The Attorney General Office (, AGU) is a cabinet-level position in the Brazilian government charged with advising the Executive Branch and representing the federal government of Brazil in legal proceedings legally known as the Union (União). The Attorney General is defined under the Article 131 of the Brazilian Constitution as one of the essential functions of Brazilian judicial administration, along with the roles performed by the judicial branch, the Prosecutor's office, the public defenders and private lawyers. The current Attorney General is Jorge Messias.

Under the constitution, the Attorney General must be at least 35 years old. All Attorneys General within the Office must be bar members in Brazil. The Attorney General of the Union is a member of the Brazilian cabinet, holds the rank of Minister, and is also the head of the Advocacia-Geral da União (AGU), which is an essential function and branch of the federal government formed by its own Attorneys.

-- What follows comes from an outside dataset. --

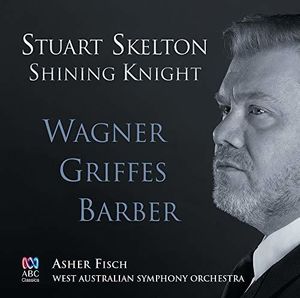 Shining Knight: Wagner Griffes Barber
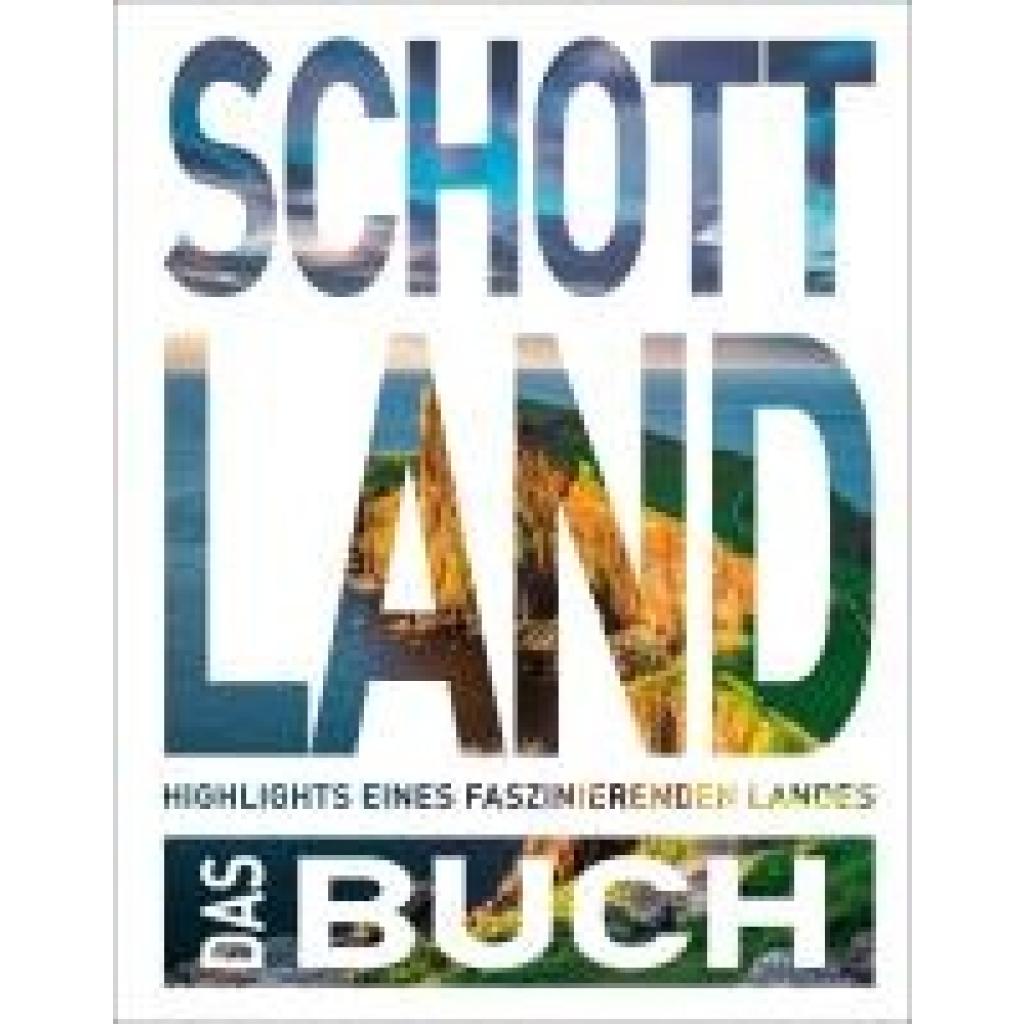 9783969651841 - Ottinger Iris KUNTH Schottland Das Buch 9783969651841 - Ottinger Iris KUNTH Schottland Das Buch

The Attorneys who compose the AGU are divided in four careers: the Attorney for the National Treasury (Procuradores da Fazenda Nacional), who represent the federal government in tax and financial issues; the Attorney for Brazil (Advogados da União), who represent the government through general cases, the Attorney for the Federal Agencies (Procuradores Federais), who represent the federal agencies; and Attorney for the Central Bank (Procuradores do Banco Central). Their functions are not limited to the Judiciary, and they are also responsible for inside legal control of the government and international legal representation of the Republic.

List of attorneys general

Prosecutor General of Brazil
The prosecutorial duties of the office of the Attorney General were split off to a new Prosecutor General, named Prosecutor General of the Republic, under the Article 4 of the Federal Law No. 73 of 10 February 1993. The Prosecutor General is appointed by the President and confirmed by the Senate. The office of Prosecutor General of the Republic (PGR) is an autonomous agency in charge of criminal prosecution and the defense of society in general, versus the office of the Attorney General, which represents the federal government in legal proceedings. 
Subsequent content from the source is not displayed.